Most recently, polymer clay and wire wrapping seem to be what I have finally settled on at this point of time. I've had a bout of polymer clay obsession once before in high school, and working with it reminds me of how much fun it is to make different color swirls and patterns appear and change. Trying new techniques and then bunching up what you don't like only to have it be transformed, like magic, into something new: maybe something really cool. Swirl lentil beads (something I had tried to master in high school but couldn't seem to get the hang of) are now one of my favorite ways to use up little bits of scrap clay, and perfectly demonstrate what I mean. (You can see some in the picture below.)
I was attempting to make a filigree ornament (like
this) using a clay extruder I bought, only to realize that out of the 7 ropes I got from the die I was using, only the one in the center was actually usable for that project. It seemed too wasteful for me to continue with as I intended.What to do with all of the extra ropes that didn't make the cut? I took two of them and twisted them together. The result reminded me of very expensive handspun multi-stranded yarns I used to yearn for. I loved it. Then I coiled my new rope around itself in a spiral. I flattened it out, and admired the new sheet I had created. From trash to treasure, for sure! Then I was faced with a new challenge. What to do with it? I wanted to use it in a way that really showcased the colors. It had to be something that would make them pop, and not be hidden. At the same time, my little experimental sheet was only about 2 inches in diameter. There wasn't that much to work with.
I took my inspiration from a necklace I had seen
here, and used my wavy cutter to cut thin strips. This doubled the size of the sheet I had to work with. I still had to decide what to make with it. I had finally gotten my hands on a heart shaped cookie cutter, so I made some hearts, intending for them to be eventually become pendants. I really liked what I had done, and it was something that I thought would be fairly easy to replicate. I made another set of ropes and eagerly coiled them up the way I had before, only to be slightly disappointed. It wasn't that it was ugly, but it did not have the many subtle variations in color that my first experiment did. This version was much more bold and took on almost a checker pattern.

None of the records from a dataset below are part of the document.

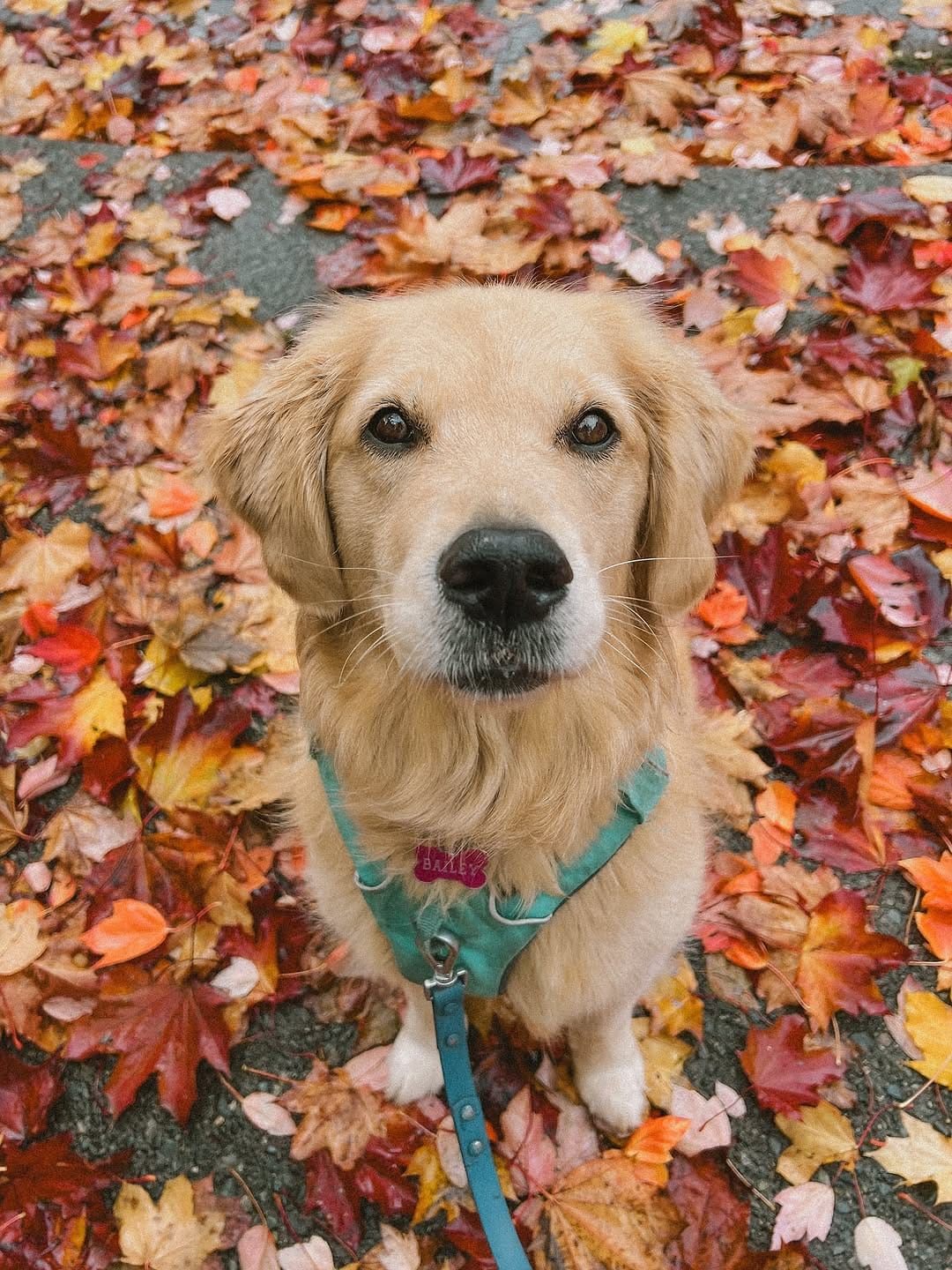 Post 3 by Bailey the Happy Goldie on Instagram (image)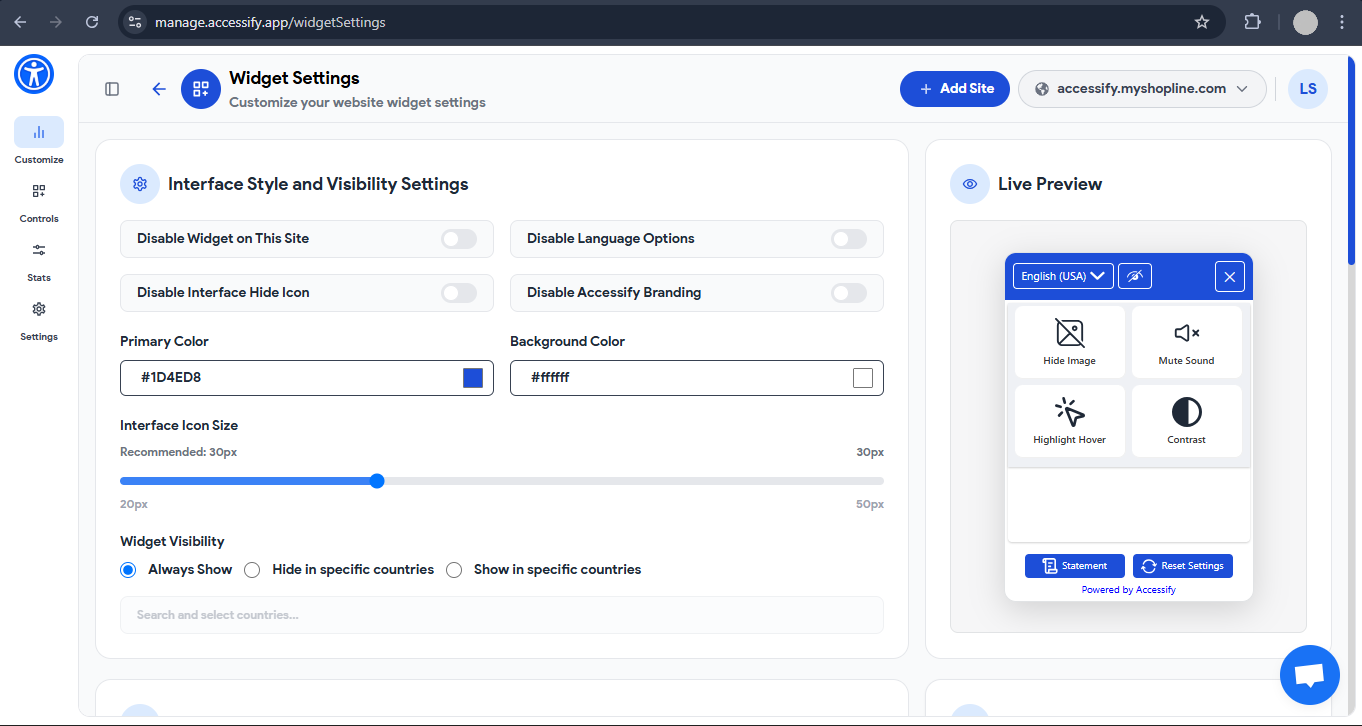 Accessify Widget customization settings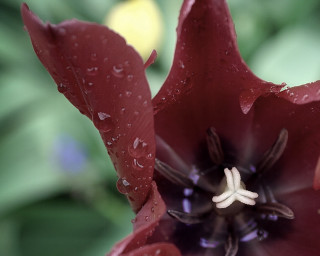 Red flower water droplets macro 35 - petal free wallpaper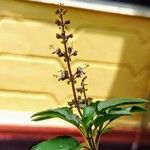 Ocimum basilicumFiore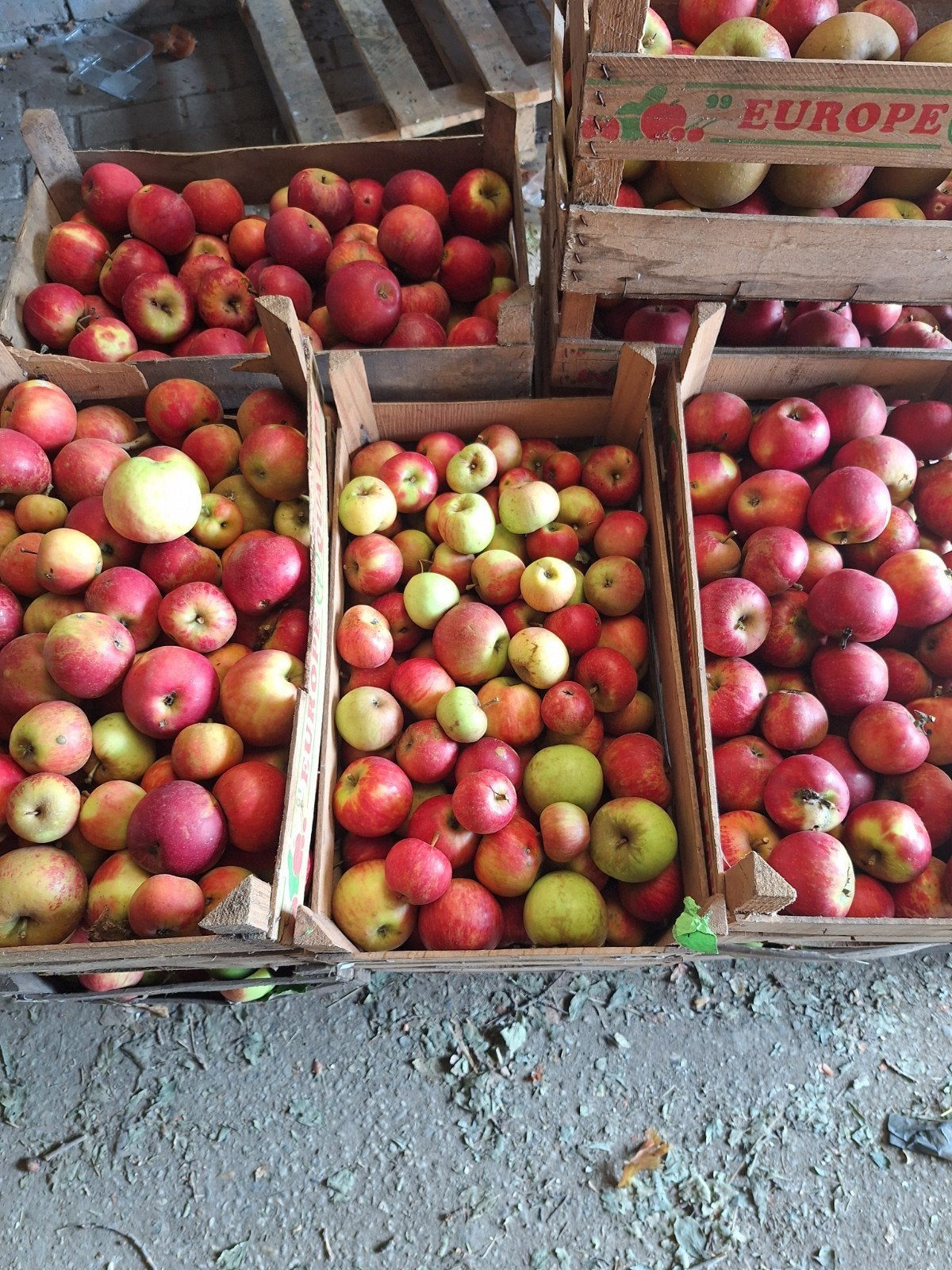 appels voor sap of moes, Ophalen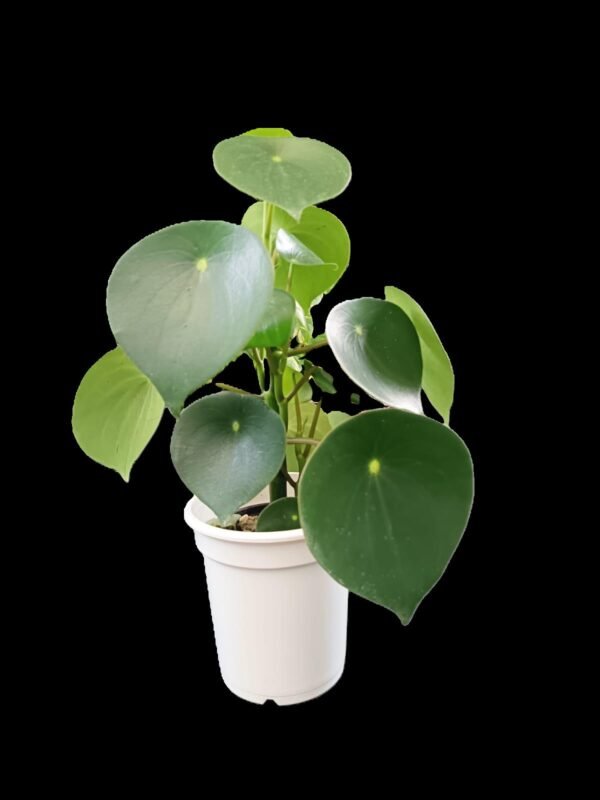 Peperomia Polybotrya: 7 Razones Irresistibles para Tenerla en Casa - Imagen 2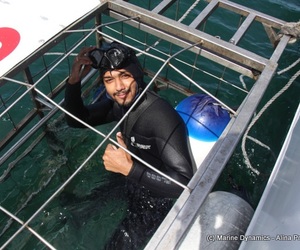 Daily Blog: 15 November 2021 | Shark Cage Diving in South Africa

I was inspired by something that I had seen in one of my Google image search inspiration-junkie sessions. I remembered it as being a cartoony-whimsical vibed clock, made with wedges of vibrant colors and patterns all swirling in toward the middle. I couldn't find the image I was seeing in my head, but I did find something similar (which I can't seem to find this time around either. Go figure.) Not having a strong reference picture scared me a little bit (I suppose I'm afraid I'm always about to do something "wrong," which is absolutely silly when dealing with art. Gotta let it flow!) but I sucked it up and ended up with something reminiscent of the could-be-a-clock picture in my head I swear I saw at one point. Here's a taste of some of the pretty things I've been cooking up:
Wire wrapping, though, is something that I have not played with all too much. The seed was planted in my time in Montana, perhaps, when I was doing my best to make decent looking jewelry out of origami. I need a lot more practice, and almost definitely a better set of pliers, but the swirling and looping and the fact that you can be as freeform or as precise as you want is very attractive to me (this is also probably why I like polymer clay so much as well). The fact that I made an awesome necklace in about half an hour of just messing around after giving up on some of the other techniques I was trying to figure out doesn't hurt in the positive re-enforcement/encouragement/instant gratification department. The (false) appearance of a never ending spool of wire also definitely helps with the creative process. No need to worry about "messing up," when there's lots more where that came from.